PHARMACOGENETIC FEATURES OF THERAPY OF PATIENTS WITH ATHEROSCLEROSIS

The complexity of therapy of lipid metabolism disorders is not only in comorbidity and polypragmasia, but also in predicting a genetically determined response to the treatment. The aim of our work was to study the pharmacogenetics features of pharmacotherapy of patients with non-alcoholic fatty liver disease, with various forms of IHD, and patients taking statins. We investigated 4 study groups: I — 60 patients with 2 type of diabetes and non-alcoholic fatty liver disease (APOE polymorphism); II — 187 patients with IHD (eNOS, AGTR2, CYP2D6 polymorphisms); III — 111 people with AH and CHF (polymorphisms: AGT: 704 (Met235Thr), AGT:521 (Thr174Met), AGTR1: 1166, AGTR2: 1675, CYP11B2: -344, GNB3: 825, ADD1: 1378 (Gly460Trp), NOS3: -786); IV — 62 patients taking atorvastatin (SLCO1B1*5 polymorphism).

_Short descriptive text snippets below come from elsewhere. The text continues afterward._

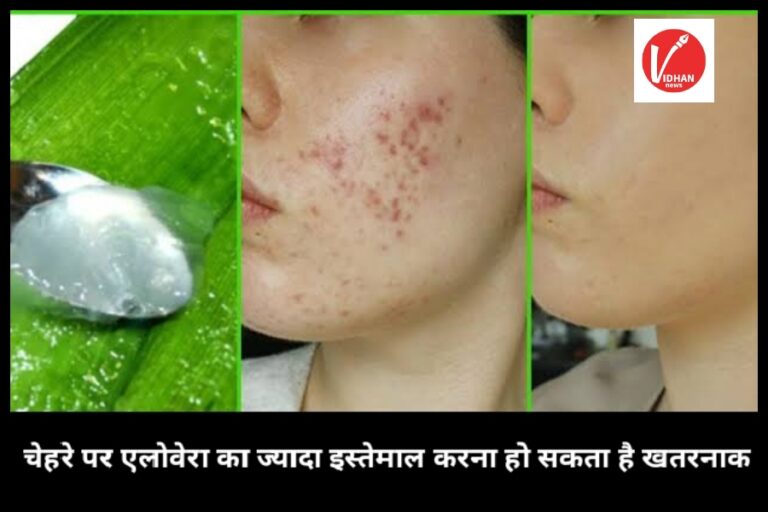 Side Effects Of Aelovera: रोजाना करते हैं एलोवेरा का इस्तेमाल तो हो जाएं सावधान, इन गंभीर बीमारियों के हो सकते हैं शिकार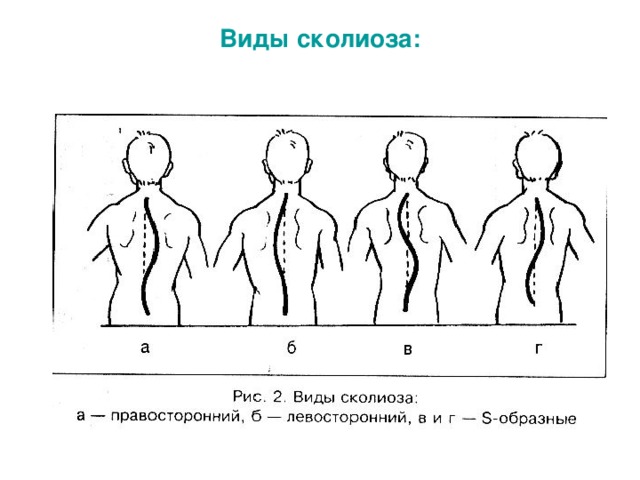 Виды сколиоза: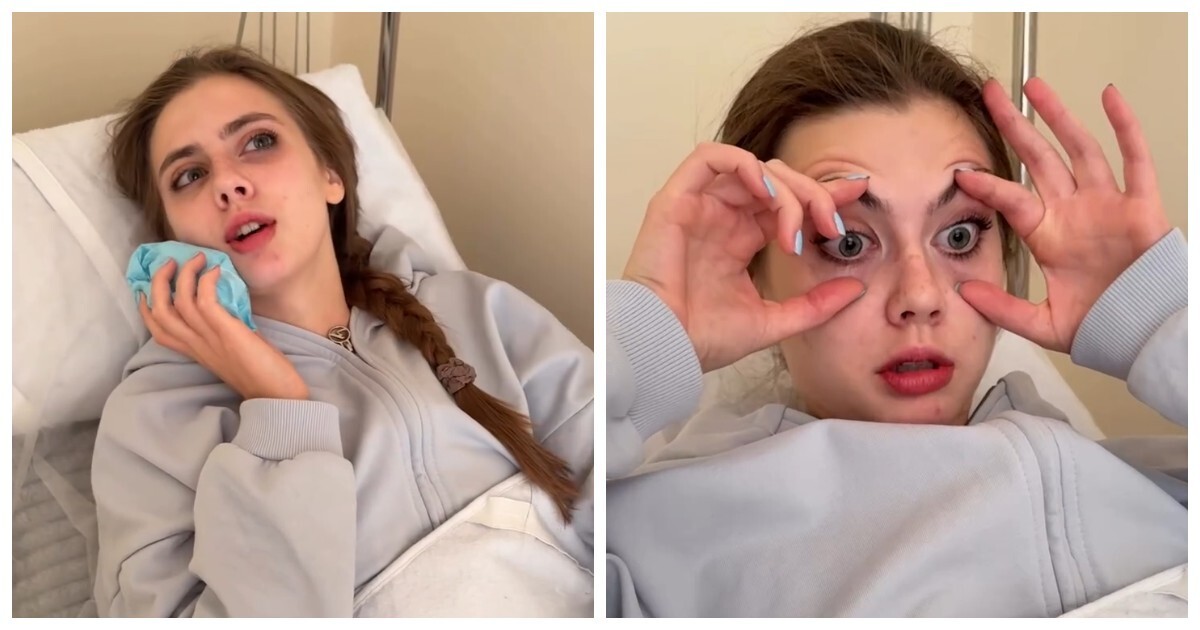 Девушка удивила всех своим поведением после наркоза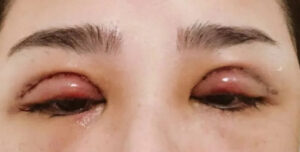 Cắt mí bị hỏng có sửa được không? Bao lâu thì sửa được?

Patients with E2, E4 alleles of the APOE gene, taking essential phospholipids, improved parameters of total cholesterol, HDL, LDL, CA, AP; patients with E3 alleles had a positive dynamics of cholesterol, HDL, TG, LDL, VLDL, CA, urea. Patients having “slow” allelic variants of the gene CYP2D6*10, CYP2D6*4 had received metoprolol, had greater decrease in heart rate: 1.6 times for CYP2D6*10, 1.7 — for CYP2D6*4. Earlier debut of IHD is noted in patients with TT variants of the eNOS gene comparing the patients with GG and GT variants. Dosages of perindopril depend on AGTR2 gene polymorphisms. The prevalence of polymorphisms AGTR2: 1675, CYP11B2: -344, NOS3: -786, AGT: 704, GNB3: 825 increases with the increase in the stage of CHF. The parameters of intracardiac hemodynamics in patients with CHF are associated with AGT: 704, NOS3:-786, GNB3: 825, ADD1: 1378, AGT: 521 polymorphisms. Allele C of the SLCO1B1*5 gene is associated with an additional risk of statin-induced myopathy. So the treatment of diseases associated with atherosclerosis, needs using of a personalized approach for more effective and safe therapy.